The industrial (and robotic) applications of vision systems equipped with AI

The industrial (and robotic) applications of vision systems equipped with AI

The new technological trends, linked toAdvanced Manufacturing and to theArtificial intelligence, have contributed to affirming the growth and evolution of artificial vision in industry and services.

What certainly contributes is the paradigm of Industry 4.0. It is precisely in this area, in fact, that vision systems and sensors equipped with AI find themselves playing a decisive role, thanks to the advantages they guarantee.

These devices, therefore, are now essential components of advanced automation systems, as happens for example with their application on collaborative robots, like ours todrobot TR1. Let's see together why.

The advantages

The advantages of vision systems with Artificial Intelligence are evaluated above all in carrying out repetitive tasks that require extreme accuracy and precision.

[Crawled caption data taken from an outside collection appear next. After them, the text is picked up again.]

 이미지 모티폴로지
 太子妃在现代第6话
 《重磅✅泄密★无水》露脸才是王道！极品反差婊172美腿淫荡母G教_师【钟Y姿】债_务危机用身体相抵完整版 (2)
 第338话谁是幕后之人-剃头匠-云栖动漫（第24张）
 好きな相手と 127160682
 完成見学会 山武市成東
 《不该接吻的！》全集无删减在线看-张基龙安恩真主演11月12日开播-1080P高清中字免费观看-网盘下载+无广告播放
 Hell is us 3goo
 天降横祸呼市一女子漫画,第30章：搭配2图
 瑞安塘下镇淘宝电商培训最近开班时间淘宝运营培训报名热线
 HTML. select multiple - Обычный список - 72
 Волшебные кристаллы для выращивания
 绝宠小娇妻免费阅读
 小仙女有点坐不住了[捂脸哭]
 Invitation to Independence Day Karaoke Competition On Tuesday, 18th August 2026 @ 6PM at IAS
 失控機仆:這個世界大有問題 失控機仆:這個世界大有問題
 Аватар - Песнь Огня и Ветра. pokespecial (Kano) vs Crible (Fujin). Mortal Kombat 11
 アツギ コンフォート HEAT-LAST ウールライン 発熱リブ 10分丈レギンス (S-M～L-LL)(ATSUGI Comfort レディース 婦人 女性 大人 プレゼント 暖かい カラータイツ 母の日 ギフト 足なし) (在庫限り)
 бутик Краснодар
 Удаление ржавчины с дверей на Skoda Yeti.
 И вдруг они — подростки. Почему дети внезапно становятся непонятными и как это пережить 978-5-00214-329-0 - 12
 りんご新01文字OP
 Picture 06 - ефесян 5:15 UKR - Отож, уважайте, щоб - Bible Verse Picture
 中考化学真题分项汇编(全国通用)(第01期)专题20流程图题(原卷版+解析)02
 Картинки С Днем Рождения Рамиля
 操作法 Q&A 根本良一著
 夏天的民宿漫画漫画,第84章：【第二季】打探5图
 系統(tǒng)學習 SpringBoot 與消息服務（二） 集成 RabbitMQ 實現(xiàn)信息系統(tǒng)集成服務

These are therefore measured in terms of greater speed of execution, standardization of quality, elimination of random errors and defects.

Added to this is the waste reduction (and the consequent costs) and reduction of the times of inactivity for machines and human operators, resulting in a increased efficiency and profitability.

Furthermore, it should be highlighted that no other element of the production line captures more information, or is more valuable in evaluating products and finding defects; in collecting data to direct operations and optimize the productivity of robots and other equipment. 

Artificial vision and Cobots 

Computer vision is a technology that replaces the human eye with digital cameras And image processing techniques.

The diffusion of such vision systems in industries, however, can be considered parallel to that of Cobots, collaborative robots capable of operating safely in the same physical spaces as human operators.

In fact, it is precisely through vision systems with artificial intelligence that machines in general, and Cobots in particular, acquire the ability to "see", "understand" and "interpret". Abilities necessary to carry out the tasks assigned to them and interact with human operators.

The industrial applications of AI vision systems, associated with collaborative robots, can therefore be listed as follows:

  • Recognition: linked to quality control and production defects or with respect to product standards;
  • Orientation, positioning and guidance: Usually associated with palletizing, during which vision sensors allow the Cobot's anthropomorphic arm to be guided;
  • Non-contact measurements: concerns the possibility of carrying out measurements excluding physical contact and human intervention;
  • Classification and choice: one of the most complex operations, through which a cobot, with machine vision, can choose to grasp and reposition objects of a different nature, classifying them.
  • Reading: It consists of recognizing the package, checking the barcode, grabbing the object and placing it in a box or placing it on a pallet.
  • Count: It is the ability to count a specific number of objects or the number of occurrences of a characteristic in a given object.
  • Surveillance and Interaction: it has to do with safety in human-machine interaction in the same work environment, recognizing the position and movement of operators and providing the Cobots with the information to interact with them, avoiding contact.

Finally, it should be noted that what makes the difference, in all the applications listed, is the ability of the vision systems to learn through Machine Learning or Deep Learning.

In fact, Artificial Intelligence learns from experience.

It accumulates information and becomes increasingly precise and accurate in carrying out its tasks.